Sapphire and Abit
We showed you the highlight of Sapphire's display in an earlier news post, but it was worth talking about again because of the intriguing possibilities associated with the card.
Behind-close-doors in a suite away from the hustle and bustle of the LVCC, we spent some time with the folks at Sapphire and got to take a look at some of their new products not yet released to market. One product that caught our particular interest was their dual GPU-powered Radeon X1950 Pro Dual card that utilizes a pair of X1950 Pro GPUs on a single card in a pseudo-CrossFire setup. Though it is a monster design, it's pretty impressive.
In addition to dual GPUs, the card also employs a full 512MB of memory per GPU for a total of 1GB per card. Since traditional Radeon X1950 Pro configurations are setup with 256MB of on board memory, the GPU complexes should scale a little more robustly at high res with higher levels of AA.
Sapphire expects to launch this in the next month or so but we have a feeling it will be a limited release type of product. Word is a $399 price point is being targeted. And as you can see, there are CrossFire edge connectors on the top side of the card, so quad CrossFire is a possibility. Sapphire is supposedly working on quad functionality now. The hardware is capable, but driver level support is necessary. Nonetheless, it's very interesting to see a single board multi-GPU design from an ATI-AMD partner.
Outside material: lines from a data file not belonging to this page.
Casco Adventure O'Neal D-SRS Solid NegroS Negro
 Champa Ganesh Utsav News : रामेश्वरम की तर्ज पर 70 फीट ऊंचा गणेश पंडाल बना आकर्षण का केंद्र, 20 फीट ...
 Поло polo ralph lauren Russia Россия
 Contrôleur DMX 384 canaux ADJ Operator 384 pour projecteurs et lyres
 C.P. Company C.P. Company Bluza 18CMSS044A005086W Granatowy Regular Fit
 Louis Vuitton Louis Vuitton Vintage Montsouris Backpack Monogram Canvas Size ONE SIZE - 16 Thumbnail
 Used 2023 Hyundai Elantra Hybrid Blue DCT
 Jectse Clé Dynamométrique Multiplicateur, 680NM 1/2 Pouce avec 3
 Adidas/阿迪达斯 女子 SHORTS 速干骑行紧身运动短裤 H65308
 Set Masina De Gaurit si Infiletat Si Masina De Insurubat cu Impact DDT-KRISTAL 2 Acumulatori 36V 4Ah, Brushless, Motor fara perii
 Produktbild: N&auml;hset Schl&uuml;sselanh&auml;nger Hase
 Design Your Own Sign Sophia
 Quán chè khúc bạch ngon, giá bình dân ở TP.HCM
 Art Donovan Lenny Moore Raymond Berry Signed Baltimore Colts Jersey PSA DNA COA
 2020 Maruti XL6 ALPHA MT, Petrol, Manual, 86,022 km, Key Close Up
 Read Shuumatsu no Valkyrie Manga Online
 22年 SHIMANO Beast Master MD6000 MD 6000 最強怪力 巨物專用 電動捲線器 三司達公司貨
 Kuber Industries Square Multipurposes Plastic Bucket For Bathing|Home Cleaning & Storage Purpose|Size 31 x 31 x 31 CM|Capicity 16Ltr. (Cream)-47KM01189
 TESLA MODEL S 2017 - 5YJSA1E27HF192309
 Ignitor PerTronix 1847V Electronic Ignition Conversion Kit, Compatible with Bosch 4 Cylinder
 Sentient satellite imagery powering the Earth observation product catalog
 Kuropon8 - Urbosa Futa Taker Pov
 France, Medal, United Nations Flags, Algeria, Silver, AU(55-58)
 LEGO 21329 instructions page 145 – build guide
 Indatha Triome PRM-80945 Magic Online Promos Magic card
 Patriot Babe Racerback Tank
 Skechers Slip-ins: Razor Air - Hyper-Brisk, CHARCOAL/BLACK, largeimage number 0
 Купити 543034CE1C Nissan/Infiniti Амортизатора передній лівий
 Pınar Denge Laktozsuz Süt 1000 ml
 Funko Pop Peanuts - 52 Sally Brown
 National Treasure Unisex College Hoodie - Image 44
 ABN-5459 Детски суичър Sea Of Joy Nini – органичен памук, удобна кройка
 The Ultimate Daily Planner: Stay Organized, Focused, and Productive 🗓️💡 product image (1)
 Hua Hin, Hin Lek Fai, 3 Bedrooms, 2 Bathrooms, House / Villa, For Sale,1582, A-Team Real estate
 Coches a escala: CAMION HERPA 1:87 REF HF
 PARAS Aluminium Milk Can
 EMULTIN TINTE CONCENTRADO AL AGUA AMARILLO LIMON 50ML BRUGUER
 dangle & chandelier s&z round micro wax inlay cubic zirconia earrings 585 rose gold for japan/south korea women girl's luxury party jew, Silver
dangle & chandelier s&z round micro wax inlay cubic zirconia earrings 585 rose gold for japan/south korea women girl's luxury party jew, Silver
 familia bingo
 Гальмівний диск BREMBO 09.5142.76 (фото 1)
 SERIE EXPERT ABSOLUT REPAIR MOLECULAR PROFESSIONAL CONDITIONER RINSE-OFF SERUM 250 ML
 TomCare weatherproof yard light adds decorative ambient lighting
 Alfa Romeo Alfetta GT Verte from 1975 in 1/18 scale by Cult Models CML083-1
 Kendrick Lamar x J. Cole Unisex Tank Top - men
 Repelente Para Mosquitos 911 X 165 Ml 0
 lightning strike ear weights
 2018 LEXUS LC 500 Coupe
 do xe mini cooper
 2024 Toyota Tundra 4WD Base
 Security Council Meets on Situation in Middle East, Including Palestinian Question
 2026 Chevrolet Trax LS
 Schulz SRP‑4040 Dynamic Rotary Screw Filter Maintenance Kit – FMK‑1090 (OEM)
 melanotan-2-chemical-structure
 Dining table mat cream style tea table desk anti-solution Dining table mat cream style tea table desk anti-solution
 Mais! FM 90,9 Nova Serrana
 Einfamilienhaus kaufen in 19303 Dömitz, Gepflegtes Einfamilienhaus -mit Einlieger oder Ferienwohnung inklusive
Abit too had an off-site display setup in a suite at the Monte Carlo. Abit was showing off a slew of motherboards, including their custom nForce 680i SLI-based IN9 32X-Max motherboard which has a couple of unique features. In addition to the custom cooling solution and overclocking-related tools, the IN9 32X-Max features and HDMI output header (middle picture, top row). Abit was also showing off their AB9 Quad-GT, P965-based, quad-core and CrossFire compatible motherboard which features a handy clear CMOS switch in its I/O backplane. Abit's iDome speakers were on display too, along with a unique little item that would be easy to miss if you didn't look close. In the picture at the lower-right corner, you'll see that Abit was showing off one of the world's first PCI Express x1 based WiFi network adapters. Is that thing tiny, or what?